Not an astrophysicist, but you are correct on both counts. Although it has twice the mass density of gold(!) that's practically nothing compared to neutronium.

But also, as you suspect, being diffuse matters too. If we imagine, contrary to fact, this mass/energy were smoothly distributed then, due to the Shell Theorem, if you draw a sphere centered on the center of the neutron star and with the observer on the surface, then the observer experiences attraction only to the mass inside the sphere. Everything outside the sphere cancels out! (With, no doubt, some complications from General relativity, but the general principle stands.)
posted by sjswitzer at 3:42 PM on July 15, 2022 [3 favorites]


biogeo: Within the neutron star, like I said already, the magnetic field is a tiny correction to the mass density.

Outside of the neutron star, the field is a “dipole,” and gets smaller like distance cubed from the center. This means the energy density goes like distance to the sixth power. That falls of much, much faster than the volume enclosed in the sphere, so nearly all of the field’s contribution to the total energy comes from the strongest field inside and just outside of the star.
posted by fantabulous timewaster at 3:44 PM on July 15, 2022 [4 favorites]


Thanks both of you, that all makes sense.
posted by biogeo at 3:59 PM on July 15, 2022


(I made an oopsie above, saying the mass density was twice that of gold. I must have misread or misremembered something above. It's much more than that. I refer you back to fantabulous timewaster's comment for an informed and accurate description.)
posted by sjswitzer at 4:59 PM on July 15, 2022 [1 favorite]


For the actual experts here, the magnetic fields here must be insanely twisted and tangled. Do the twists and tangles embody any energy themselves or do they just lend themselves to crazy flux rope shenanigans?
posted by sjswitzer at 5:08 PM on July 15, 2022


Only about 1% of the mass of everyday matter is due to the inherent mass of its constituent particles; the remaining 99% is due to the energy binding the particles together!

Mind Blown.

Does magnetic fields having weight mean that when we juice a good size electromagnet it gets heavier?
posted by Mitheral at 6:07 PM on July 15, 2022


Yes, an energized electromagnet is heavier than one that’s off. But not measurably.
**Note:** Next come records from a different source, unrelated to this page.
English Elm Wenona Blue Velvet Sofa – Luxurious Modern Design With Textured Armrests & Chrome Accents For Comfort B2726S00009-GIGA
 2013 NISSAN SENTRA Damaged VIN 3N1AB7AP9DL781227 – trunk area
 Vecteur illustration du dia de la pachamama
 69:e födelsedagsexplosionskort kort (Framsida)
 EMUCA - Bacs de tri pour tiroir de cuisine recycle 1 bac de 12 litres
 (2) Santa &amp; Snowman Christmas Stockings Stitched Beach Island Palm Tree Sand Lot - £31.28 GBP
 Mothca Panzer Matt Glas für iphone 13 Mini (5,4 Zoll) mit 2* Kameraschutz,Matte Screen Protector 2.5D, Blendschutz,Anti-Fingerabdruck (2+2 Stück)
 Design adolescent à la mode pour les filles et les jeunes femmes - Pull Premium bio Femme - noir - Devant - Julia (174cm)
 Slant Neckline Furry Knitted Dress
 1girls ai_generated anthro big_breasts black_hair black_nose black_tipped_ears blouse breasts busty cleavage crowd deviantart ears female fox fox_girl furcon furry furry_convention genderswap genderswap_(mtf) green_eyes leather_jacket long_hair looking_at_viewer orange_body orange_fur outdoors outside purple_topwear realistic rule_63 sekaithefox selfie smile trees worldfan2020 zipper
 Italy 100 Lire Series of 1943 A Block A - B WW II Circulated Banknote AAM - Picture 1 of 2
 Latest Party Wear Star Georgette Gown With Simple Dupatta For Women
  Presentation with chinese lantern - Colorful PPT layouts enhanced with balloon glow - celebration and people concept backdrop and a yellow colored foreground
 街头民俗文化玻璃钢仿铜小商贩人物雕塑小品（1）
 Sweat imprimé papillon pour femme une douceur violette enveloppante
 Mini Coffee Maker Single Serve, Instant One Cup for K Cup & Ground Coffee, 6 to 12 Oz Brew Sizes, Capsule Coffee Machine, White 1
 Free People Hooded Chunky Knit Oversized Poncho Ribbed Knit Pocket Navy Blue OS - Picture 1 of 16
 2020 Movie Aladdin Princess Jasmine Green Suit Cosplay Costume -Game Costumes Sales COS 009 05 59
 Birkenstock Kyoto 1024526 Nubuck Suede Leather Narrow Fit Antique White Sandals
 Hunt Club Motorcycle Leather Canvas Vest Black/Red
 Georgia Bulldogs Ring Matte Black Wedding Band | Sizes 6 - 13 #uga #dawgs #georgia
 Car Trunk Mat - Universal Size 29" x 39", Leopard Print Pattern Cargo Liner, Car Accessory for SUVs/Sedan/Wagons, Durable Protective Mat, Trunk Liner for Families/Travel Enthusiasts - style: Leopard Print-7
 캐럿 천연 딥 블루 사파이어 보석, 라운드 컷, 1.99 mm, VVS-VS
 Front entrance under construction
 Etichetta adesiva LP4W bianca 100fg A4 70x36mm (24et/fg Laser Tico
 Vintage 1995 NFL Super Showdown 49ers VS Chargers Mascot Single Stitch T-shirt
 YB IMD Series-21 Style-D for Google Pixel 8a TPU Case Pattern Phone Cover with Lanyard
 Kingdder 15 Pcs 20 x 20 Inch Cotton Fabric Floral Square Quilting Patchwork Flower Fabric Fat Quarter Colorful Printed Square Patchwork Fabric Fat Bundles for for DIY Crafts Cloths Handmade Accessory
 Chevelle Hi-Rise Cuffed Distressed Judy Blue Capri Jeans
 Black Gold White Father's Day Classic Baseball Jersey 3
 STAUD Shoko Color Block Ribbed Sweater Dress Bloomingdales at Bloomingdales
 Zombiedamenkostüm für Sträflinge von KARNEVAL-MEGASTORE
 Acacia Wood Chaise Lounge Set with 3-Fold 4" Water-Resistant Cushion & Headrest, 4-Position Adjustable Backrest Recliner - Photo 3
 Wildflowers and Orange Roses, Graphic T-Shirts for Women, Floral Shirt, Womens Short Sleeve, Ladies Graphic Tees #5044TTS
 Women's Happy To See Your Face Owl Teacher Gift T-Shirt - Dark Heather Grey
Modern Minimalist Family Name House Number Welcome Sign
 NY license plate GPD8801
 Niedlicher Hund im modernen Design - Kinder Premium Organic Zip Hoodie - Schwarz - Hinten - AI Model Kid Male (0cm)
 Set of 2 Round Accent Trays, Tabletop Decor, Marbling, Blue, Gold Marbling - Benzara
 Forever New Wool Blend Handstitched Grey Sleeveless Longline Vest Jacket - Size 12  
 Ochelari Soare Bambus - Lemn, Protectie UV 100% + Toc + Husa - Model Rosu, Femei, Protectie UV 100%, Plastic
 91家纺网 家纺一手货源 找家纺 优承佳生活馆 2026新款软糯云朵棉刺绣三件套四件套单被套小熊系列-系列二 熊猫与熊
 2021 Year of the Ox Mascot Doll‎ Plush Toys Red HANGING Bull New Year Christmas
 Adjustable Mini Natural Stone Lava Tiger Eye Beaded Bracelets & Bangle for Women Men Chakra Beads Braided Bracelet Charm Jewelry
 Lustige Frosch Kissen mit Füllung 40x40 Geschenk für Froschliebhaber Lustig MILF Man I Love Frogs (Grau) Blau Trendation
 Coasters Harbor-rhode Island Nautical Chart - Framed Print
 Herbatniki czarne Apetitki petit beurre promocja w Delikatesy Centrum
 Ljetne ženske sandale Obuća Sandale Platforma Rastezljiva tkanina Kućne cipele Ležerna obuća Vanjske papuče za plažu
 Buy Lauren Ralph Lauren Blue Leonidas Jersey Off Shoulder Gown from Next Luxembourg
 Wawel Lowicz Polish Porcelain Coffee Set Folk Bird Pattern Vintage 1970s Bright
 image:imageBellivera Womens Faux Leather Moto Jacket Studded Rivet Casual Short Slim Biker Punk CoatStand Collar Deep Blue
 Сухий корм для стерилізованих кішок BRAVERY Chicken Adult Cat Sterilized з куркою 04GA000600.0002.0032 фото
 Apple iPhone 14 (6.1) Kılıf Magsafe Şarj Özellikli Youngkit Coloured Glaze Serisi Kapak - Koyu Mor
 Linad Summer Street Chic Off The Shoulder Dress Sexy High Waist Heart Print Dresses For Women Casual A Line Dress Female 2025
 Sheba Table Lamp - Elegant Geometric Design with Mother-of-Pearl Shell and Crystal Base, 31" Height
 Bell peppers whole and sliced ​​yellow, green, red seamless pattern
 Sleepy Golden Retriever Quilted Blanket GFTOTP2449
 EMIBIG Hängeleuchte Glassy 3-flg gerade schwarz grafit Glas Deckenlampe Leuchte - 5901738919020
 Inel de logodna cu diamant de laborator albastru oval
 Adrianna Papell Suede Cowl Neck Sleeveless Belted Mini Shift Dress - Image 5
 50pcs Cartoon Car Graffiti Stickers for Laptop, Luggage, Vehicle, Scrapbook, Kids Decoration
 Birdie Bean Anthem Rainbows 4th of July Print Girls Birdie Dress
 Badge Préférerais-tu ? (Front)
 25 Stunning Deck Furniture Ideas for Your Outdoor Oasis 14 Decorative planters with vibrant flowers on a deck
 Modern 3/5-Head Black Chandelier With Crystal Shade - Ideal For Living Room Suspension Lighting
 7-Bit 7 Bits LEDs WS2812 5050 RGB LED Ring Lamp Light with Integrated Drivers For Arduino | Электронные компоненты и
One-ish tesla is the magnetic field you get if there is one aligned electron per atom in an ordinary-density solid. One tesla in free space is the nanograms per cubic meter energy density I referred to above (thanks for the double-check, sjswitzer).But in iron you have a much larger permeability μ than in vacuum, so the energy density associated with the field is reduced down to femtograms per cubic meter. A tiny, tiny correction to the mass.

In order to have a “tangled” magnetic field in free space, like near sunspots, you have to account for the motions of charged particles in the plasma, which move in helices around the magnetic field lines but also reinforce the magnetic field because they are moving charges. Plasma physics is a super-complicated field that I don’t know much about.
posted by fantabulous timewaster at 7:06 PM on July 15, 2022 [2 favorites]


Something that just occurred to me is that the conventional wisdom that nuclear energy is "converting matter to energy" is "mostly wrong." In general, fusion and fission don't significantly alter the constituent subatomic particles (modulo beta decay, etc.; the weak force is the joker card in the particle deck) but rather just release the binding energy that's left over after rearranging the matter particles (fermions) into less energetic configurations.

Edit: But I hasten to add that these reconfigurations of course reduce the mass of the remaining matter. It's just that the reduced mass is less binding energy.
posted by sjswitzer at 7:29 PM on July 15, 2022 [2 favorites]


For those of you who like video explanations, PBS Space Time has an excellent video on how mass arises as "confined energy" if you will. There's also a very good video on neutron stars (of which pulsars are one type). If you're enjoying having your mind blown by this discussion, I expect you'll also enjoy having your mind blown by those videos.